Quand commencer la reprise de la course ?
La reprise de la course après une périostite tibiale ne se fait pas au ressenti, mais selon des étapes validées. Passer trop vite à l’impact aggrave l’inflammation et rallonge la guérison, et les résultats après 3 mois. Suivez cette progression pour éviter une rechute, en optimisant votre progression en course.
- Indolore totale au repos d’abord : Avant toute tentative de course, vous devez pouvoir rester assis ou allongé sans aucune sensation douloureuse le long du tibia pendant au moins 48 heures consécutives.

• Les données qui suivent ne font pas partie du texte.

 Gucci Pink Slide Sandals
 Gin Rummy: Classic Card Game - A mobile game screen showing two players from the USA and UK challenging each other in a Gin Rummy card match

- Marche rapide sans douleur validée : Marchez à un rythme soutenu (5-6 km/h) pendant 20 à 30 minutes sans gêne. Si la douleur apparaît, attendez encore 3 à 5 jours avant de réessayer.
- Course fractionnée 30 secondes/1 min marche : Alternez 30 secondes de course à très faible allure et 1 minute de marche active. Répétez ce cycle 10 fois maximum (soit 5 minutes de course cumulée). Arrêtez immédiatement si une douleur pointe.
- Augmenter de 10 % max par semaine : Une fois la fractionnée maîtrisée sans douleur, augmentez le temps de course total de 10 % maximum chaque semaine. Par exemple, passez de 5 à 5,5 minutes de course par séance la semaine suivante. Ne combinez jamais plus d’une augmentation (durée, fréquence ou intensité) à la fois.
- Consulter si douleur persistante après 3 mois : Si après 3 mois de progression sans douleur au repos ni à la marche, la course reste douloureuse, consultez un spécialiste (médecin du sport ou kinésithérapeute) pour vérifier l’absence de fracture de fatigue ou de déséquilibre musculaire sous-jacent.
Foire aux questions
Faut-il arrêter complètement le sport ?
Non, l’arrêt total n’est pas recommandé. Privilégiez les sports sans impact comme le vélo ou la natation, ou les exercices abdominaux aquatiques, pour maintenir votre condition physique sans aggraver l’inflammation du tibia.
Combien de temps dure une périostite tibiale ?
La guérison prend généralement entre 3 et 6 semaines avec un repos adapté et des exercices ciblés, complétés par une pression pieds sciatique. Une reprise trop précoce peut prolonger la durée de la blessure.
Peut-on courir avec une périostite tibiale ?
Courir avec une périostite active aggrave l’inflammation et retarde la guérison. Attendez d’être totalement indolore lors de la marche et des sauts avant d’envisager la reprise.
Quels sports pratiquer pendant une périostite tibiale ?
Optez pour des activités à faible impact : natation, vélo, rameur ou aquagym. Évitez les sports avec sauts, sprints ou changements brusques de direction qui sollicitent le tibia.